Tye Sheridan, along with the hundreds of young Hollywood hopefuls that try to impress us every year, was good. Hopefully this young man doesn’t disappear because the boy does have talent. There is no category fraud here, cause Sheridan’s Ellis was most definitely the lead and carried the entire picture on his shoulders for what it is. The newly vitalised Matthew McCaunghey can add another wonderful supporting turn in his resume, but still struggles to find true leading male status for these kind of movies. That’s coming from someone who hasn’t seen his recent Oscar hopeful, “Dallas Buyers Club” – which looks interesting. I’m hopeful for him, because he definitely deserves the award for Most Improved Actor in recent memory.

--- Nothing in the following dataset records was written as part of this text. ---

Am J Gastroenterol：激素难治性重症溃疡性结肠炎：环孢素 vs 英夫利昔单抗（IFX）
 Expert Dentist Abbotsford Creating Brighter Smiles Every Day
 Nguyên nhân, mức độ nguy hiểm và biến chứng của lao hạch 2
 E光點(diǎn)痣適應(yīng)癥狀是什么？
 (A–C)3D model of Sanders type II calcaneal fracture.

I enjoyed it. I wouldn’t say immensely, but the film is a solid 6 in my book. Unfortunately, I feel like it’s one of those movies that won’t grow too well with time. By this time next year, all memory of the movie probably won’t be in my mind. Especially when looking back at the extremely wonderful year that 2013 was for film. It isn’t a landmark film, but certainly an interesting take on growing up with spirited writing and good actors.